▶ **About this task**: Retype the data exactly, from its first line to the line containing "n1 casino homepage", including both, and skip any picture.

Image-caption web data
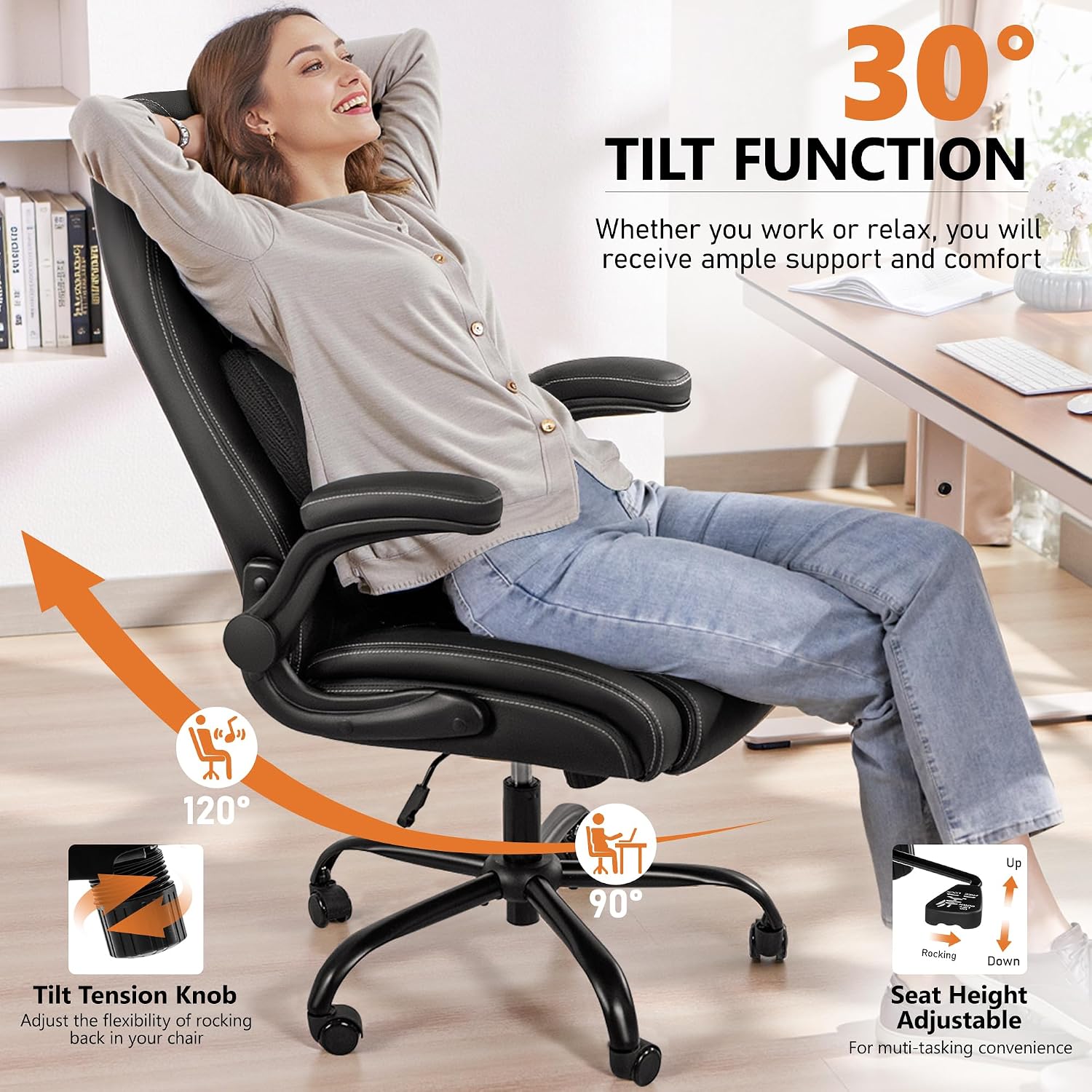 BESTFAIR Office Chair, Ergonomic Computer Desk Chairs with Lumbar Support for Lower Back Pain Relief, Executive Leather Home Chair Comfy with Padded Flip-up Armrests, Black, 4-Pack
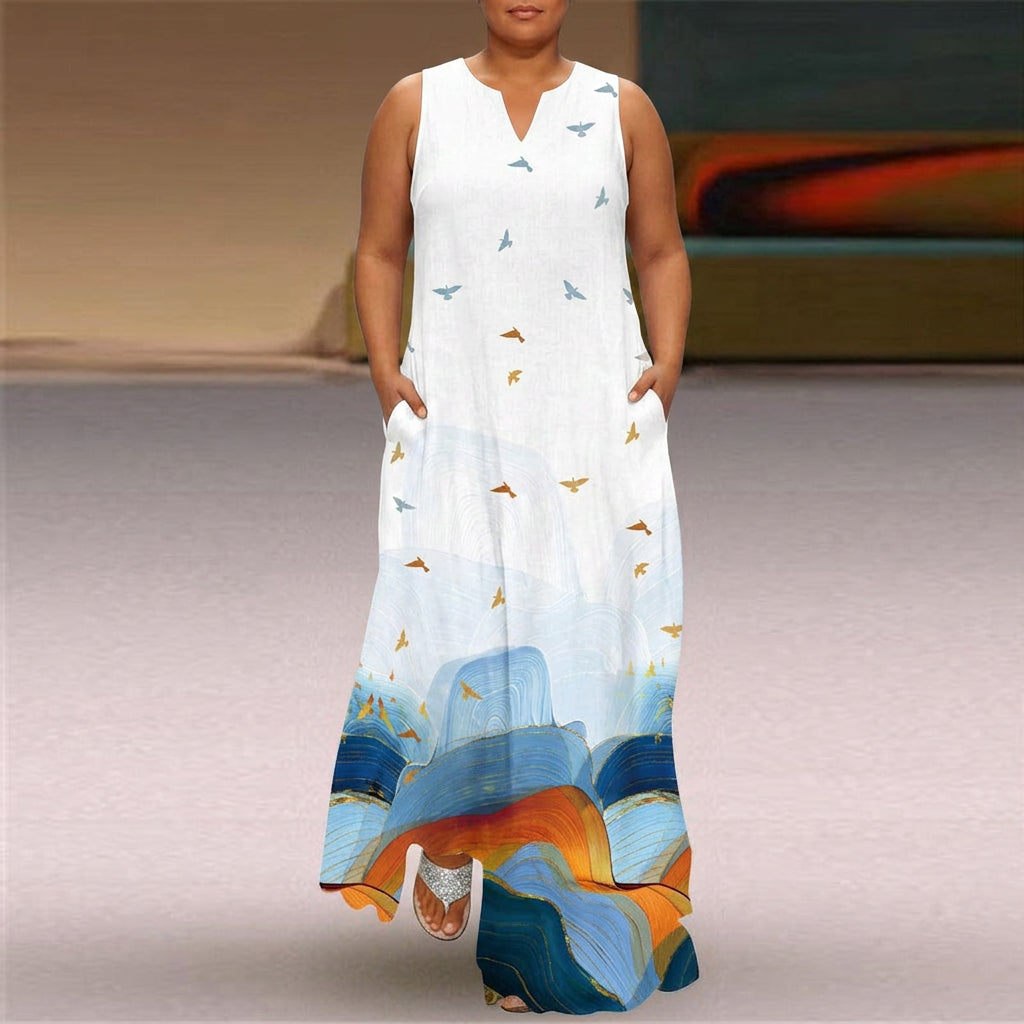 Leona | V-Neck Sleeveless Maxi Dress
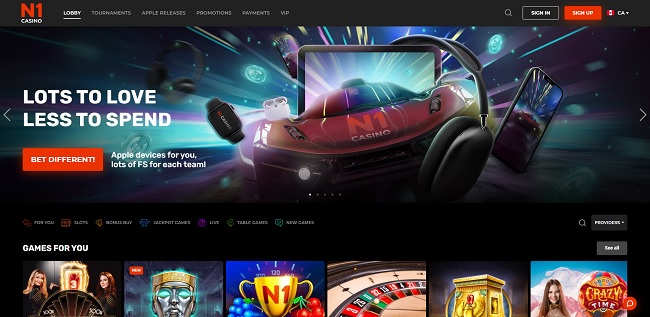 n1 casino homepage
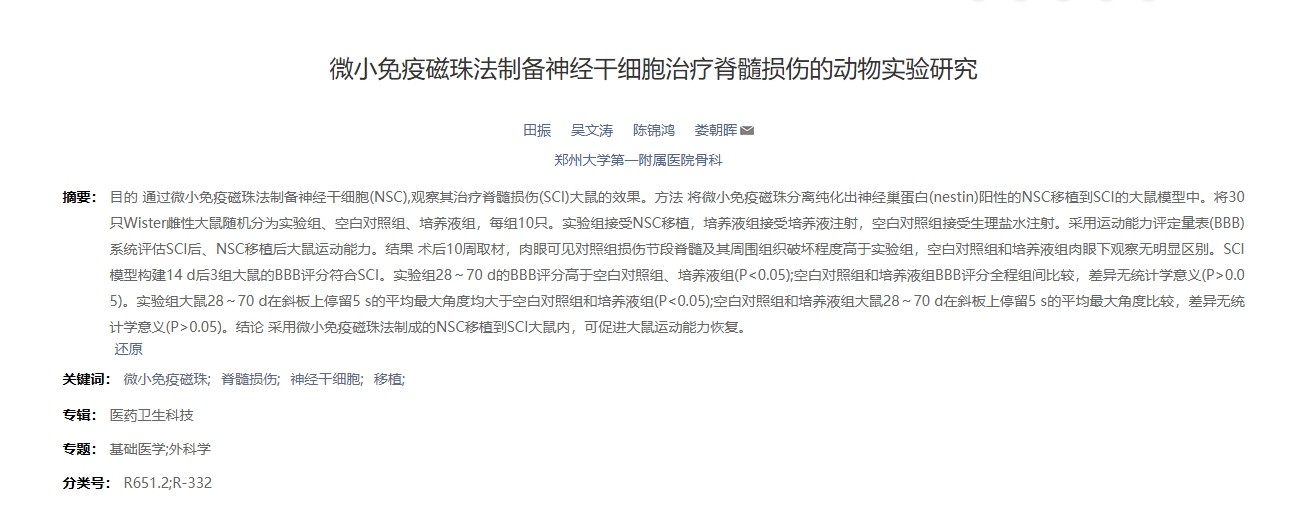 微小免疫磁珠法制備神經(jīng)干細(xì)胞治療脊髓損傷的動物實(shí)驗(yàn)研究 微小免疫磁珠法制備神經(jīng)干細(xì)胞治療脊髓損傷的動物實(shí)驗(yàn)研究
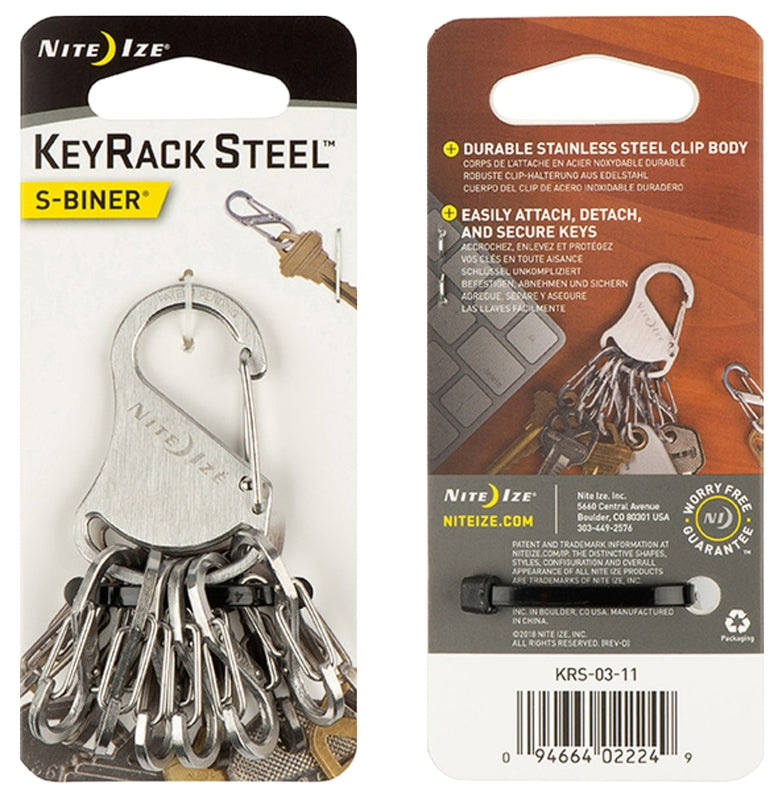 NITE IZE Nite Ize KRS-03-11 Key Rack Carabiner, 3 in OAL, Stainless Steel, Stainless Steel HARDWARE & FARM SUPPLIES NITE IZE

▶ **Reply**:
 BESTFAIR Office Chair, Ergonomic Computer Desk Chairs with Lumbar Support for Lower Back Pain Relief, Executive Leather Home Chair Comfy with Padded Flip-up Armrests, Black, 4-Pack
 Leona | V-Neck Sleeveless Maxi Dress
 n1 casino homepage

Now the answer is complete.